Limitations & Future Work¶
- The method depends on offline-calibrated lookup tables and predictors. Generalization to unseen domains or network conditions requires further validation.
- Credit inertia assumes "smoothly varying difficulty," which may fail during abrupt transitions (e.g., drastic dialogue topic shifts or mixing code/natural language).
- ⚠️ Theorem 4.1 only proves existence; it does not provide convergence rates or suboptimality bounds.
- Experiments used 4090/A6000 simulators; performance on real mobile edge devices (power/memory limits) remains to be verified.
Related Work & Insights¶
- vs FSD: FSD uses fixed controllable bias for SD relaxation; E2-SCI makes this bias dynamic based on history, accelerating FSD by +32%~+90% as an additive layer.
- vs PipeSpec: PipeSpec uses predictor-verification coordination for async SD; E2-SCI's PLC similarly pipelines but injects dynamic thresholds and a more aggressive pre-hit mechanism.

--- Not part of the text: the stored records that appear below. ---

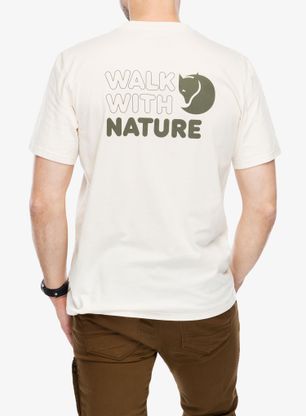 Tričko s potlačou Fjallraven Walk With Nature T-shirt - chalk white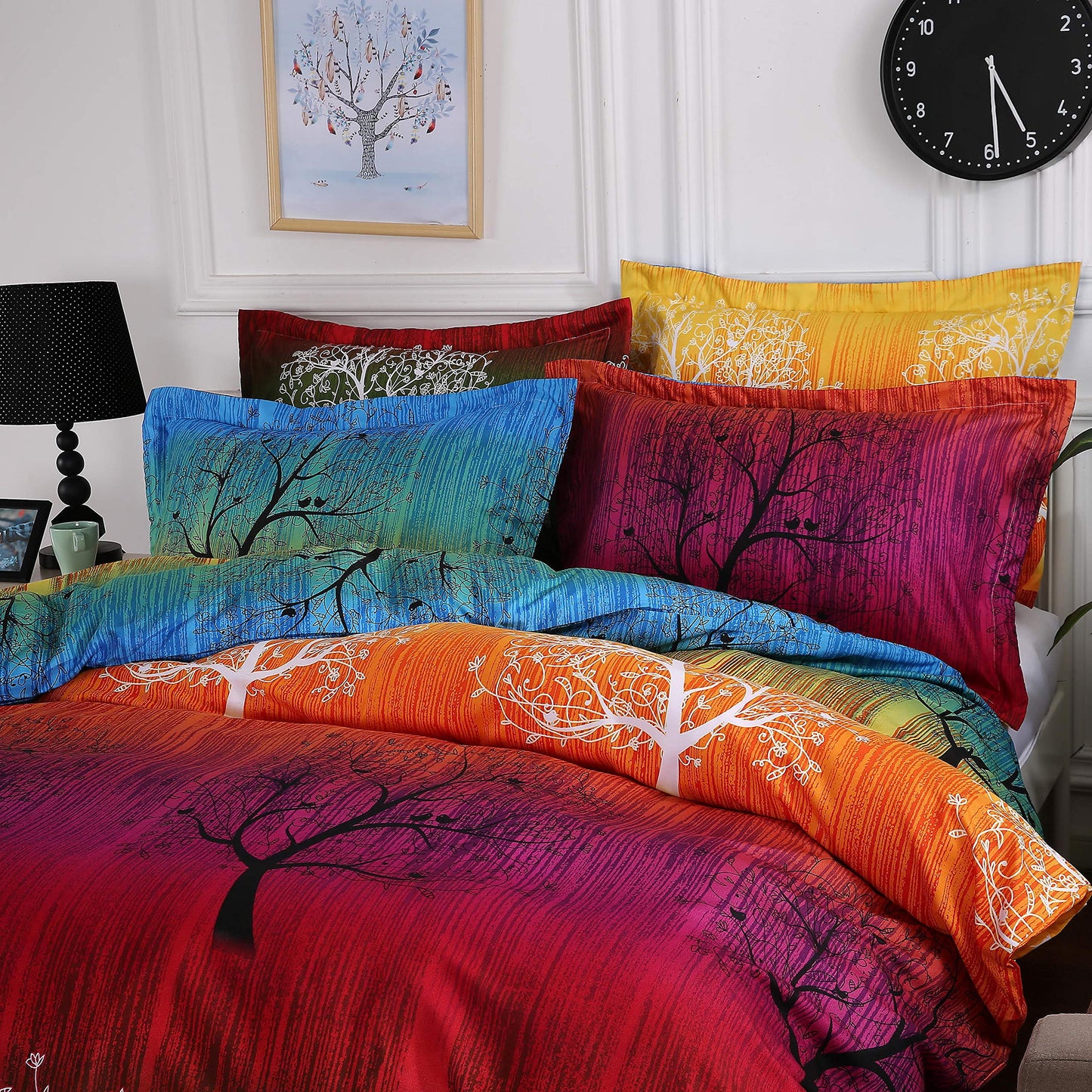 Swanson Beddings Rainbow Tree 2pc Duvet Bedding Set: Duvet Cover and One Pillow Sham (TwinXL)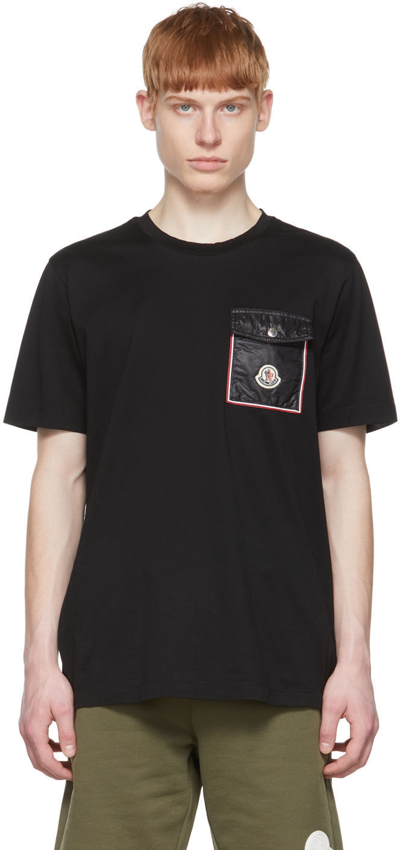Moncler Jersey T-shirt With Nylon Pocket In Black
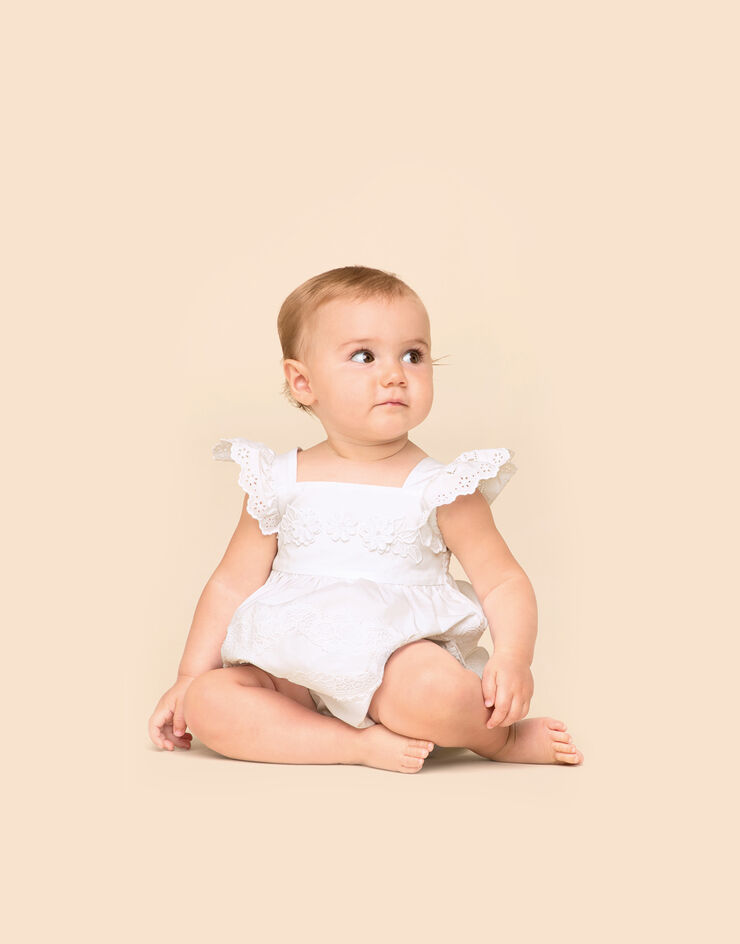 Dolce & Gabbana PLAYSUIT IN COTTON WITH LACE DETAILING WHITE L21O62G7RZJ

- vs Medusa/EAGLE3: These improve draft generation; E2-SCI's "verification rigor + async concurrency" is orthogonal, allowing for joint deployment as shown in Table 3.
- vs History-agnostic methods: The authors emphasize that prior SD methods ignore temporal dependencies across sequence requests, which E2-SCI exploits.
Rating¶
- Novelty: ⭐⭐⭐⭐ Simple but powerful "Credit Inertia" observation combined with robust async pipelining.
- Experimental Thoroughness: ⭐⭐⭐⭐ Broad coverage across 4 model families and datasets.
- Writing Quality: ⭐⭐⭐ Mechanism is clear, though some formula/theorem notations in the CVF version require cross-referencing.
- Value: ⭐⭐⭐⭐ Highly practical for edge-cloud LLM inference and compatible with existing SD frameworks.